* Dataset extract *
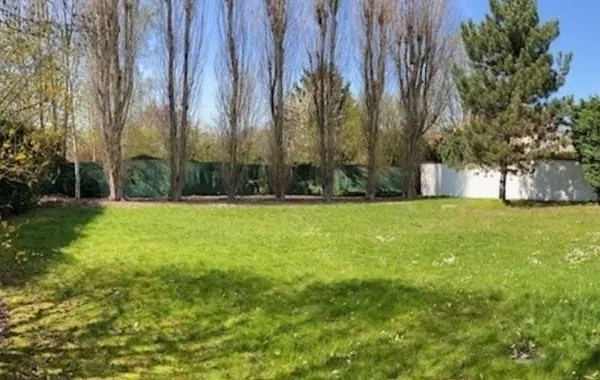 Terrain à bâtir de 580 m² à LAGNY-SUR-MARNE (77)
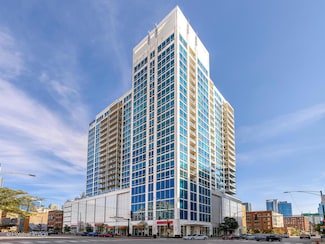 757 N Orleans St Unit 1612, Chicago, IL 60654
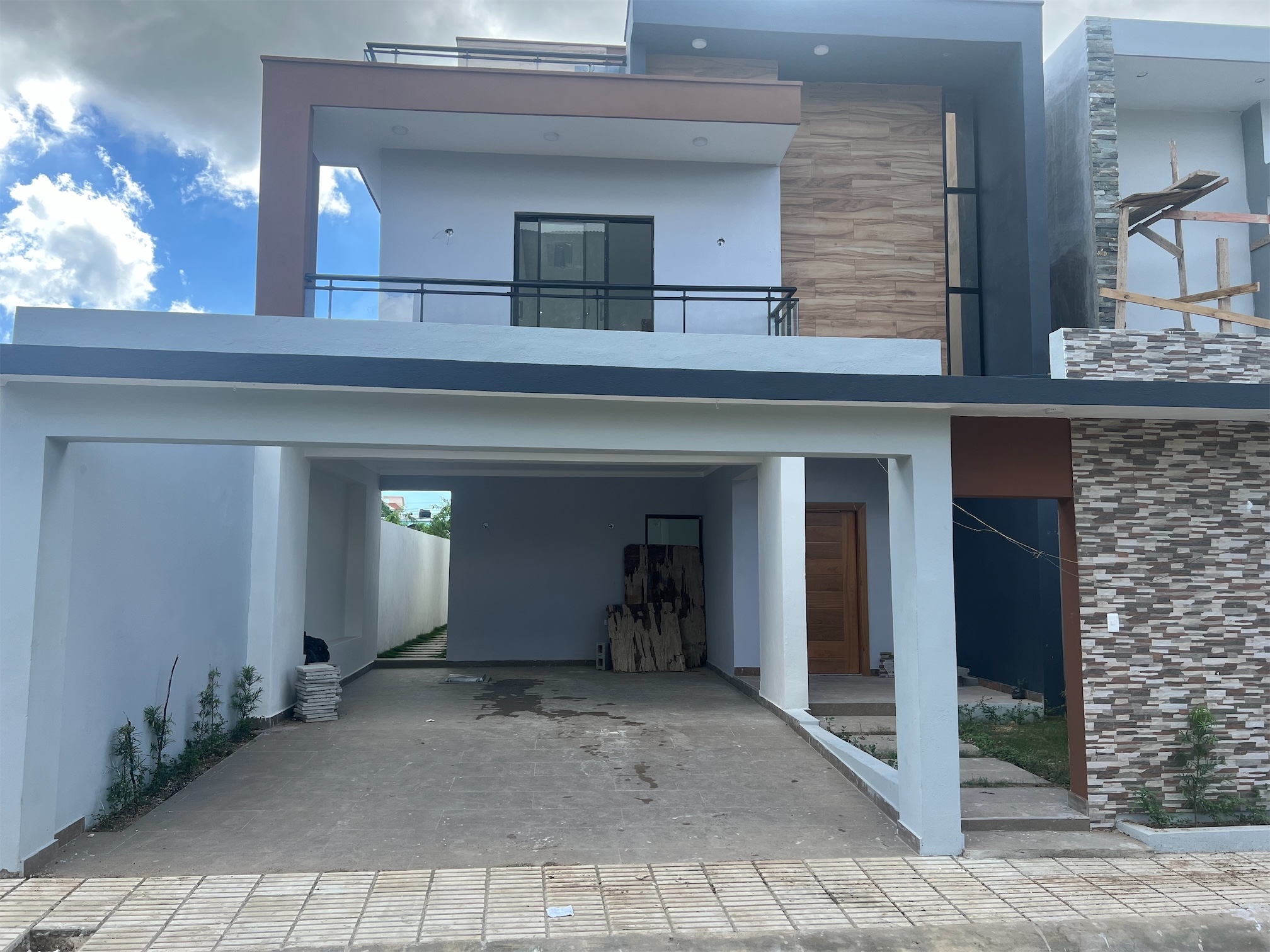 casas - Venta de casa de lujo autopista de san Isidro prado oriental Santo Domingo  0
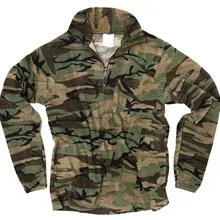 С высоким, плотно облегающим шею воротником для работы из микрофлиса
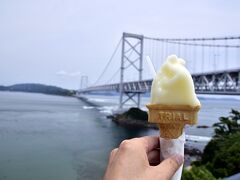 最後に鳴門の渦潮が広がる絶景を前にしつつ、すだちジェラートでエネルギー補給をして、千畳敷展望台を後にしました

* Task *
Output the material word for word, omitting its pictures.

* Result below *
 Terrain à bâtir de 580 m² à LAGNY-SUR-MARNE (77)
 757 N Orleans St Unit 1612, Chicago, IL 60654
 casas - Venta de casa de lujo autopista de san Isidro prado oriental Santo Domingo  0
 С высоким, плотно облегающим шею воротником для работы из микрофлиса
 最後に鳴門の渦潮が広がる絶景を前にしつつ、すだちジェラートでエネルギー補給をして、千畳敷展望台を後にしました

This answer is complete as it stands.